The Secure Digital Music Initiative takes another step backward with an admission that members can't yet agree on an industry standard for antipiracy.

John Borland Staff Writer, CNET News.com
John Borland
covers the intersection of digital entertainment and broadband.
John Borland
3 min read
The struggling Secure Digital Music Initiative took another big step backward Friday, breaking from its latest meeting with an admission that members can't yet agree on an industry standard for antipiracy.

The group, made up of record labels, technology and consumer electronics companies, has been working for two years to find a way to protect digital music from unauthorized copying as it is released on the Web.

But after early agreements on a first, rudimentary version of its technology, SDMI suffered repeated delays and setbacks in creating the next, more ambitious copy-protection plan.
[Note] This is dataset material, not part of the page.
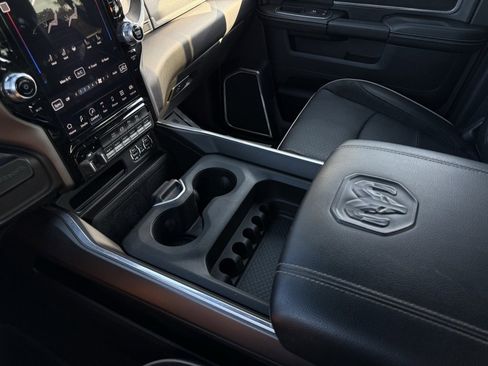 Used 2022 RAM 3500 Laramie image 20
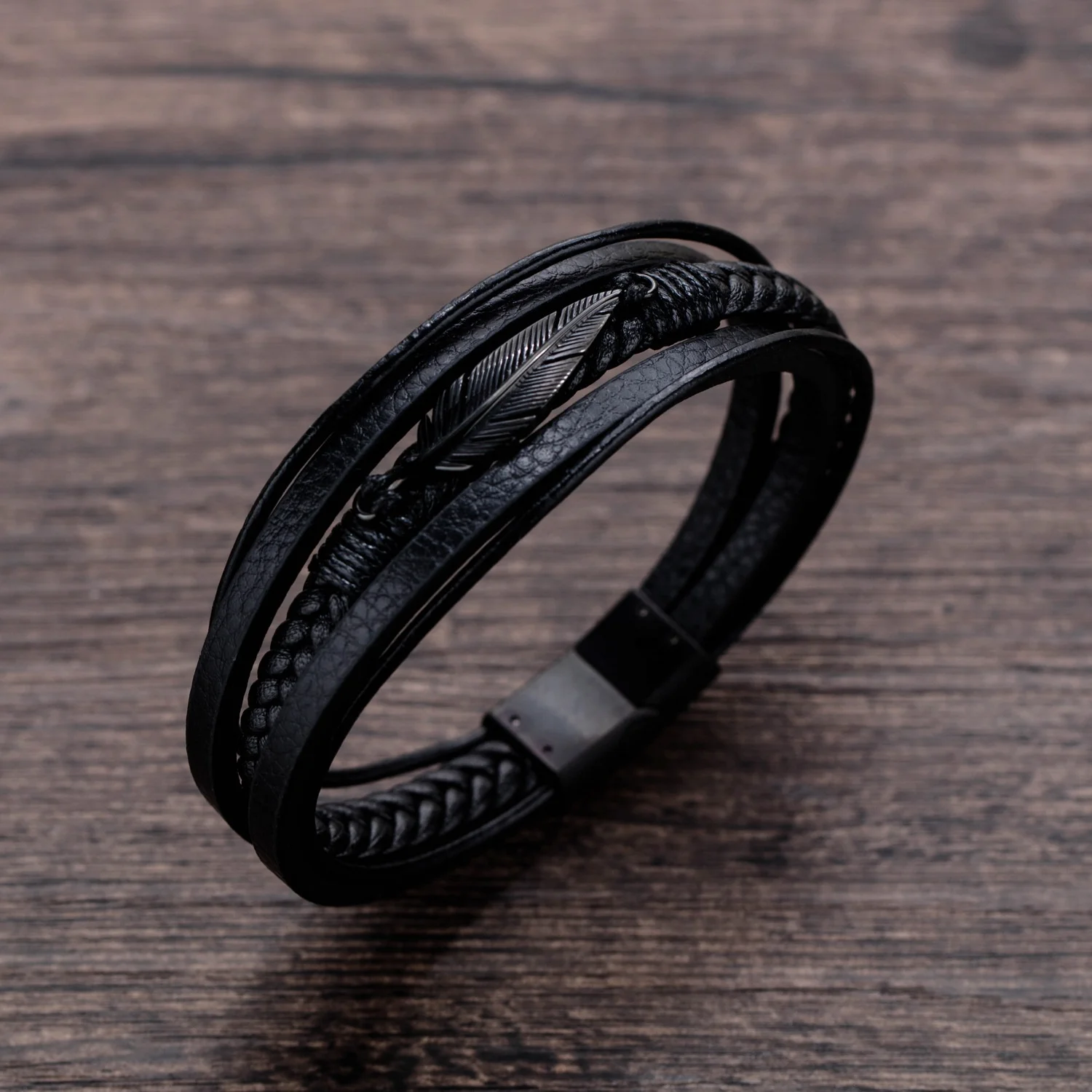 Top Sell Accessories Stylish Men Hand Jewelry Exquisite Feather Mens Leather Bracelet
The group broke from its latest meeting Friday with an official statement that "there is currently no consensus for adoption of any combination of the proposed technologies."

"This is not by any means the end of the world," said Paul Jessop, chief technical officer for the International Federation of the Phonographic Industry. "All these technologies can live to fight again another day in other combinations and in other ways."

At its last meeting in January, the group said it was putting its plans on a fast track, hoping to have technology on the market by Christmas. Friday's announcement marks the failure of that effort, as companies with different goals were unable to agree on a technology plan.

"You have a lot of issues going on that people need to watch and get more information on," said Scott Moscowitz, CEO of Blue Spike, which has "watermarking" technology being reviewed by the group. He cited the upcoming release of subscription services by the labels, ongoing litigation over Napster, and other pending issues in the online music world.

The SDMI effort was spotlighted in the press recently for attempts to stop a Princeton University professor from publishing the results of his efforts to break though several anticopying protections posted online as part of a "hacker's challenge."

Professor Edward Felten said his programming team broke through all four proposed watermarking plans posted online. A so-called digital watermark places a unique bit of code onto a file that is theoretically difficult to remove without damaging the quality of the sound or image.

But SDMI representatives said Felten could be breaking federal copyright law if he published the results, and the professor wound up withdrawing a planned paper from a public research forum.

Although the SDMI effort may be increasingly irrelevant in a digital music market beginning to move ahead without it, its original goals of protecting music from online piracy are not.

Companies such as Microsoft and InterTrust are gaining new traction for their "digital rights management" technology, which protects songs from being copied or distributed without permission as the major record labels begin to move online.

Three major music subscription services from Napster and the major music labels are slated to launch this summer or early fall with some anticopying protection built in. None of the efforts have yet given details on which technology they would use.

The SDMI group said it would meet again in September to "reassess technological advances in light of emerging consumer needs."